Our resident modelling guru stumbles through the fog to answer your questions, however absurd…….

Ask Alan

Dear Alan,

The cat keeps sniffing the dope and talcum powder that I used on the balsa nose that I stuck on my late mark Beaufighter (Airfix Magazine, March 1963 refers) and it’s spoiling the paint work.  Do you have any suggestions for dealing with this?  Also it means that I can't sniff the dope and talcum powder.

Unhigh of Kempston

I’d wake up and smell the Bacardi……….

Dear Alan,
I want to build a model of an aircraft that no-one does a kit of to my knowledge.  How should I go about this?

B. Alser

Why is it everyone who corresponds answers to the name of Steve? Maybe the Christmas card that I got this year saying ‘A Merry Christmas to all our reader’ is an indicator. Nevertheless I am delighted that someone has asked me first before getting onto that infernal internet and ordering this new –fangled pre-shaped resin stuff from the Czech Republic.That’s just cheating.

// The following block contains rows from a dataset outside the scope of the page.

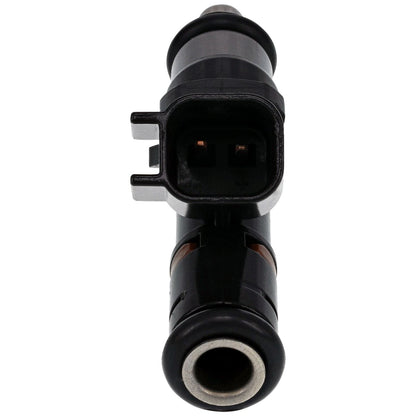 GB Reman Multi Port Fuel Injector 822-11192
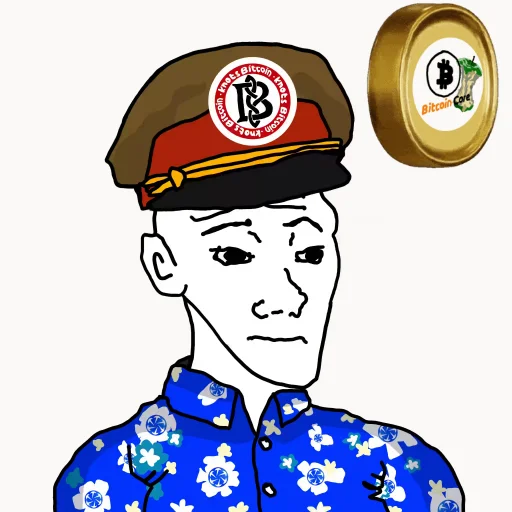 #118871692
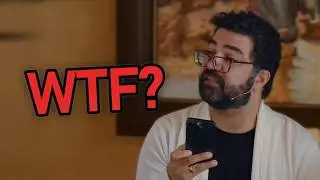 What really Happened to Ashes Of Creation?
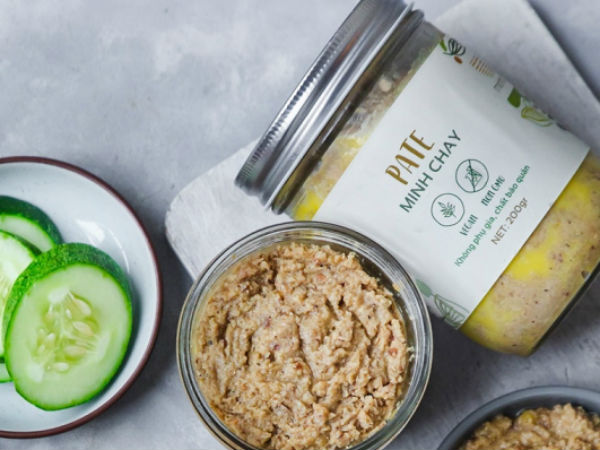 Ngộ độc do ăn pate Minh Chay lời cảnh báo từ chuyên gia bệnh truyền nhiễm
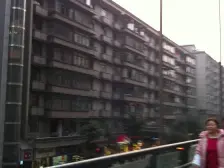 三峡广场 鑫源大厦二房73万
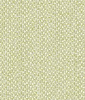 LS-63030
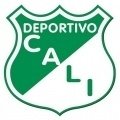 Deportivo Cali Sub 20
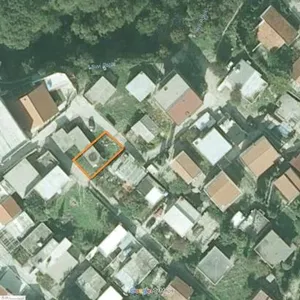 Земельный участок в Сутоморе, фото 2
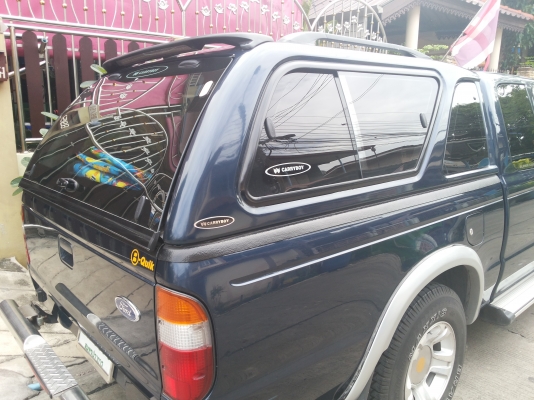 ขายหลังคา Caryboy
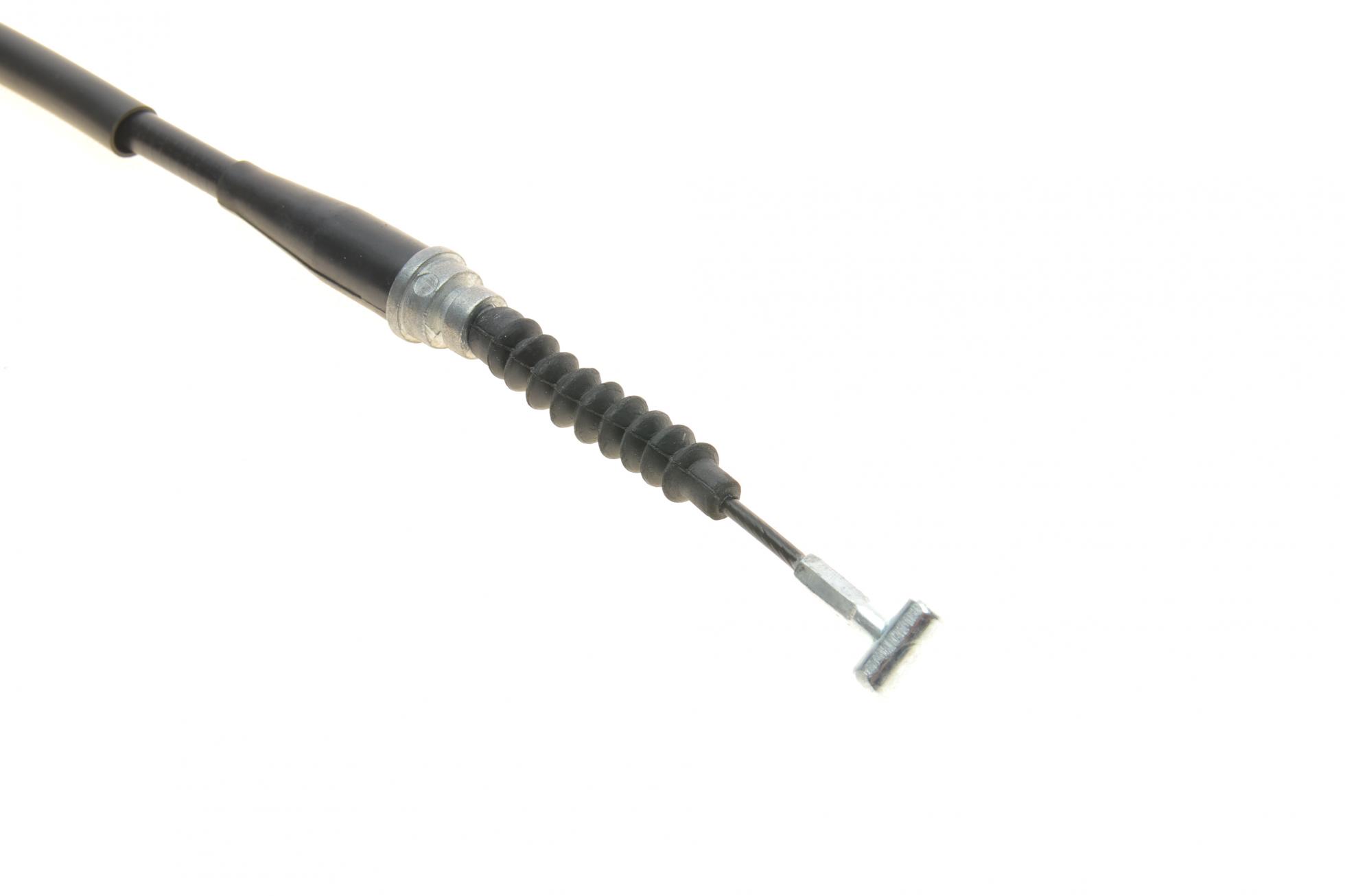 1987477916 BOSCH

First, find your aircraft. The Port Victoria PV.8 has never been done in any medium in 1/48 scale to my knowledge. Studying plans from Airfix Magazine’s 1960’s volumes and ‘The Observer’s Book of WW1 Aircraft’ will reap dividends. Then purchase a block of balsa and plenty of sandpaper and work to shape. Far more rewarding and there’s nothing on TV in any case.
Then coat copiously with a mix of dope and talcum powder then sand and paint to create that just-assembled plastic kit effect. Your friends will not know the difference and will think that you are part of some elite aviation brotherhood.